Seeking Help With Configuring One-Way Connectivity

I work for an MSP and we use Icinga2 internally to monitor customer devices, including all workstations/notebooks.

~100 Notebooks are configured with one-way connectivity. The intention is that supported devices can communicate back to a WAN IP from anywhere.

I have configured the host check to be the built-in cluster-zone command. The hosts will almost never be pingable, a traditional ping host check wouldn’t work. All services are dependent on “Agent Health” where the command is cluster. I have enabled Active and Passive Checks, Notifications, and Event Handler. While devices are online, this works quite well.

The problems start when the device sleeps or is coming back online. We will immediately receive a notification for every service on the host right before they all recover. Sometimes the problem notifications and recoveries come at the same time. The issue is creating alarm fatigue in our techs :frowning:

Can anyone explain why this happens and how I can implement this without these notifications?

I’d really like to know if the “not connected” messages are from the notebook agent or from the satellite/parent.

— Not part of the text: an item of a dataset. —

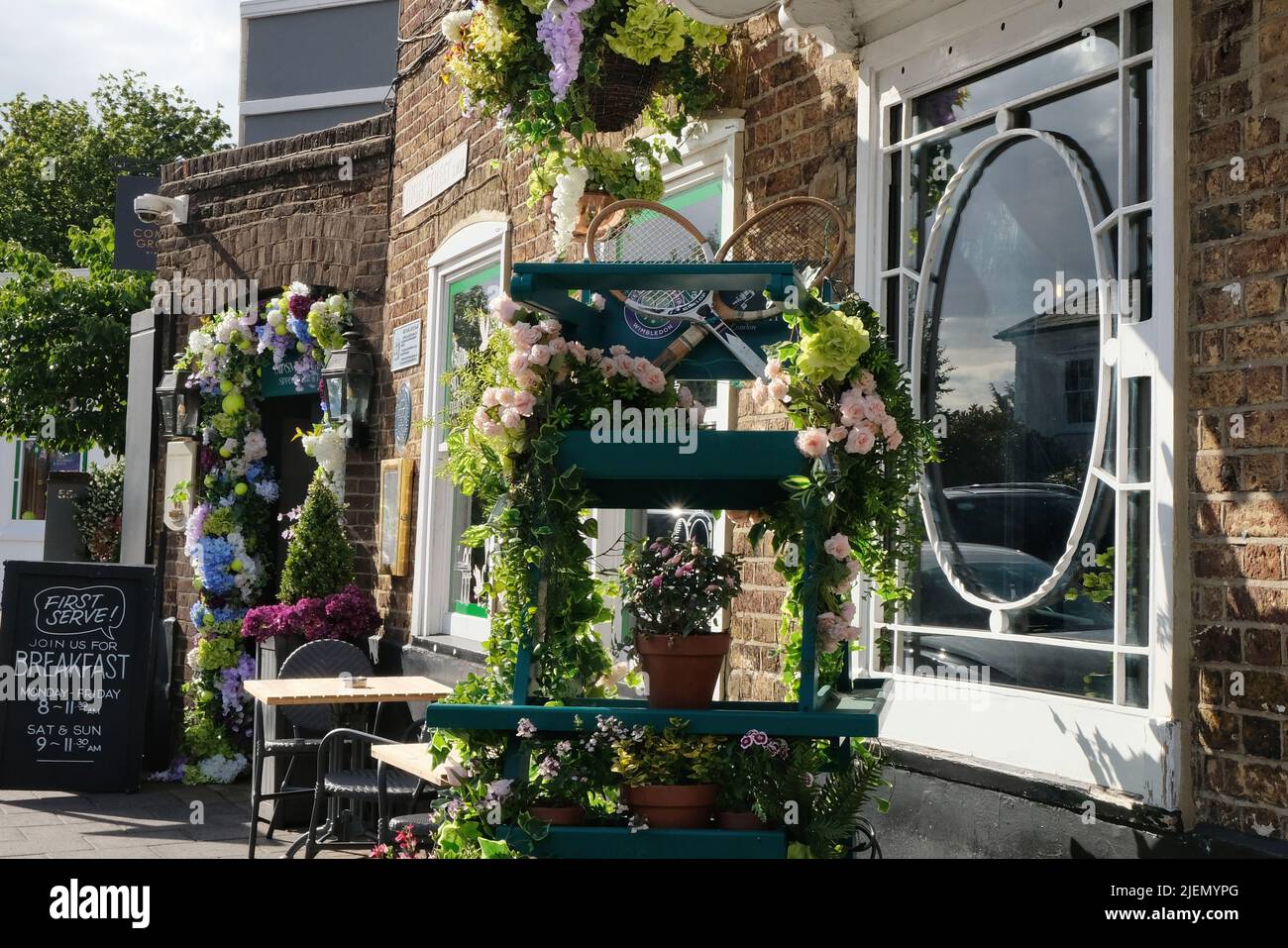 London, UK, 27th June, 2022. Tennis themed shop displays and in Wimbledon Village and the main town centre can be seen as visitors are welcomed in the area as the 2022 tennis tournament gets underway. This year the ground returns to full capacity after the Covid pandemic. Credit: Eleventh Hour Photography/Alamy Live News Stock Photo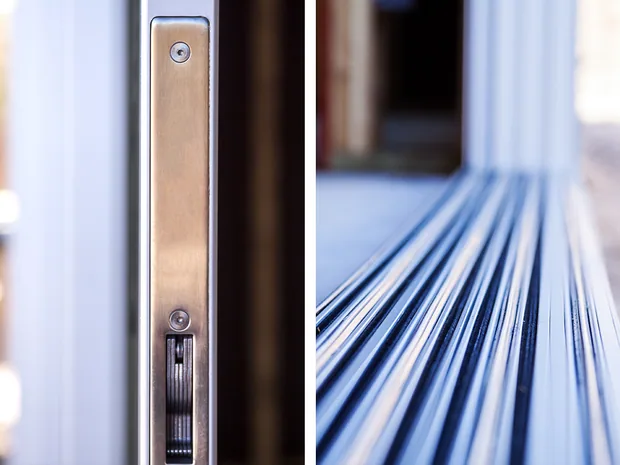 Close-up of the locking hardware and weather seal on a vinyl door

I need the statistics, and it must produce notifications for things like 100% full disks while users are working from home. I don’t care if we’re not getting results because the device is offline.

Thanks for any help!

Hi @XilityWorks ,
hm, that is probably going to be a tricky one. Icinga 2 ist pretty much built from/for a “server” setup, meaning having 24/7 connectivity, so this here is a bit unconventional.

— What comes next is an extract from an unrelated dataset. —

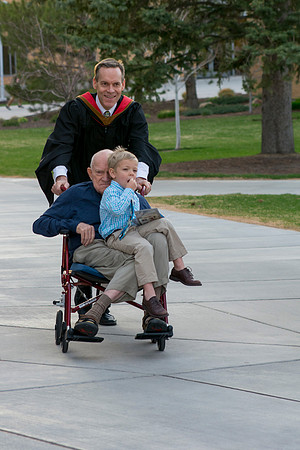 Faculty member pushes his father and son in a wheelchair around campus. Photo by Ryan Chase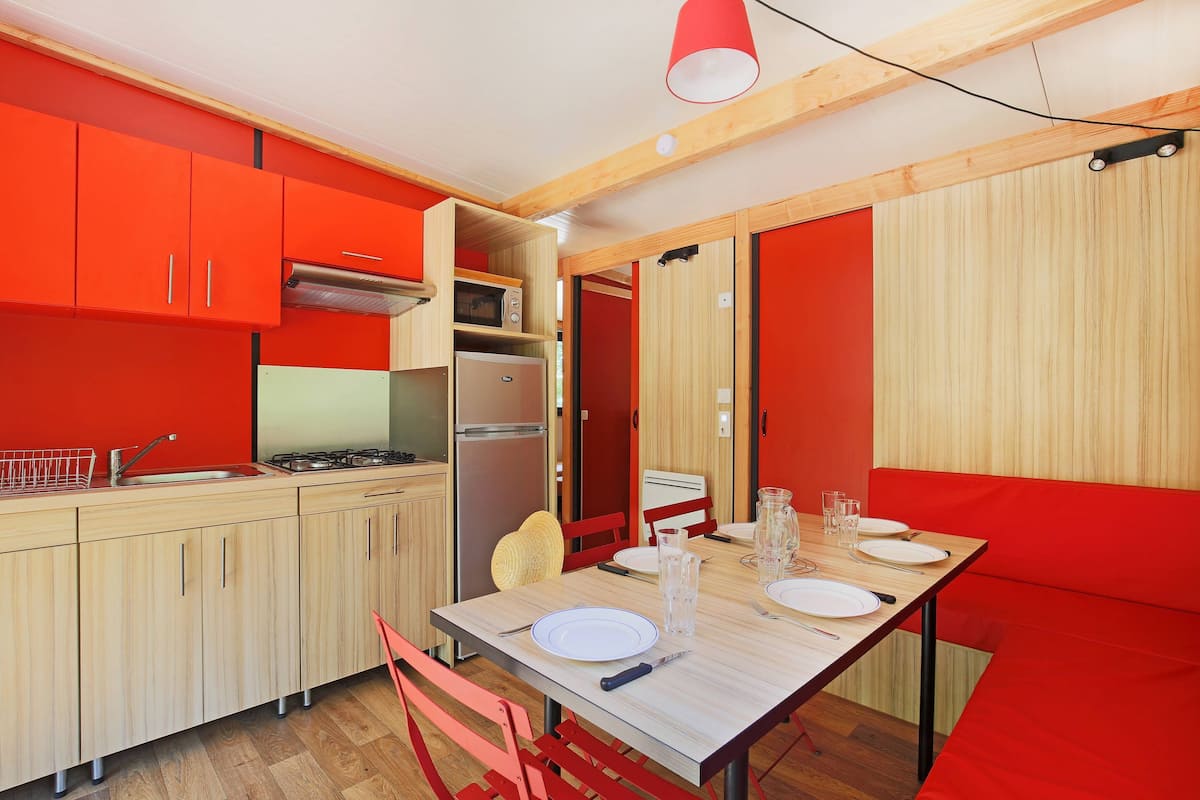 A compact kitchen with modern appliances, a dining area with a wooden table and red chairs, and a bright red accent wall.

First things first, you did configure Dependencies, did I read that right? Meaning a dependency on all Services if the connection to the Icinga Infrastructure fails.

How are you configuring this setup? Using the Icinga Director or plain text configuration?

Hi Wil,

I am not sure if the alerts seen on the console are the issue, or if the notifications (emails or other) are the issue, or both.

First, I would configure a small check period for the host, and a slightly longer period for the dependent services.

For the alerts on the console, I would setup a filter excluding the alerts for services related to hosts that are down, and the alerts that are not yet in a hard state.

For the notifications, I would setup a delay that guarantees the notification will only be sent for the ascertained failing checks.

My two cents,

Jean